I went up to Brattahild to visit the
sick Viking, but he turned me away. Apparently he was blaming me for his
troubles, and I stood outside of his door, listening to him cough until his
face turned purple. I began to worry about Malyn, and she, too, was growing
frightened with each passing day.
“He will live, right?” she asked me
one night in a timid voice. We were gathered by my fire one impossibly cold
night, for the darkness of winter had hit with a blinding fierceness. Thick
drifts of snow swept around my church, and I never ventured outdoors for the
cold. I spend all of my time freezing and worrying about how I would stay
warm. Wood was scarce, and the Vikings were burning dried cattle dung for
fuel. It smelled unpleasant, but it burned quite well.
“He should live,” I said, but the
truth was, I didn’t know. How could I know? Only God knew, and even if the
man did live, he would never be quite the same again. Smoke and flame had
seared his lungs, and I began to fear that I was the cause. If I was the
cause, then I had effectively condemned poor Malyn to die as well. These
thoughts always worried me. If Eirik had died on the Isle of Kells, his body
would have remained there, for it was Viking custom for the fallen to be burned
on the battlefield so their spirit could rise in all haste to the Halls of
Valhalla. A silly superstition, but one that would have saved Malyn. Now,
with Eirik back in
Greenland
hovering between life and death, who
knew? If he died here, Malyn would die as well.
“He should live,” I repeated, as if
saying that would make it nearer to the truth. I knew Malyn had faith in me,
and again I thought about how I should have taken her to Leif that night.
“Eirik told me we will have bad
storms this year,” Malyn remarked. “He says the tide is down too low and the
wind is coming from the north.”
“Eirik is quite the wise man,” I
murmured. “What does Thordhild think about him?”

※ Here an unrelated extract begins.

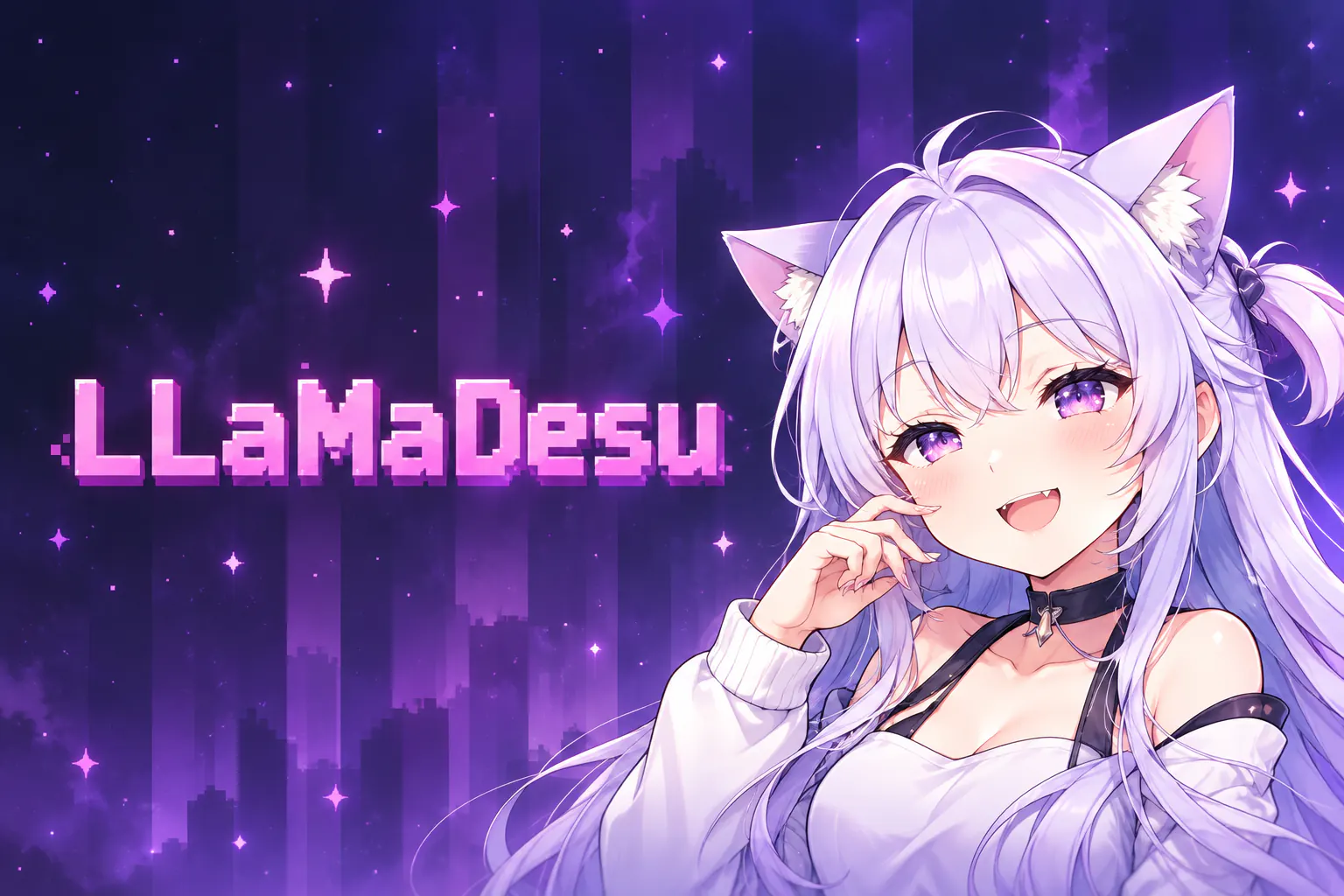 LLaMaDesu’s card: its name in pink pixel letters beside a smiling lavender-haired girl with cat ears, on a purple night sky.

Malyn shrugged. “She said she thinks
he will die. Soon. But that is not what you say, is it? He will live, and I
will live until you convert him, or persuade him not to take me with him.”
Poor, poor, Malyn. The monks at
Toulouse
should have composed a hymn just for
her. She was in denial. She was holding out hope that Eirik was going to
convert. The room had grown noticeably colder, and I began thinking about the
fire the North Men had lit upon my arrival. How good would that fire have felt
right then?
***
The sun did not emerge the next
morning. Instead, the moonlight made the heavy piles of snow glare, and it
nearly blinded me as I opened my door to trudge out into the deep, deep snow.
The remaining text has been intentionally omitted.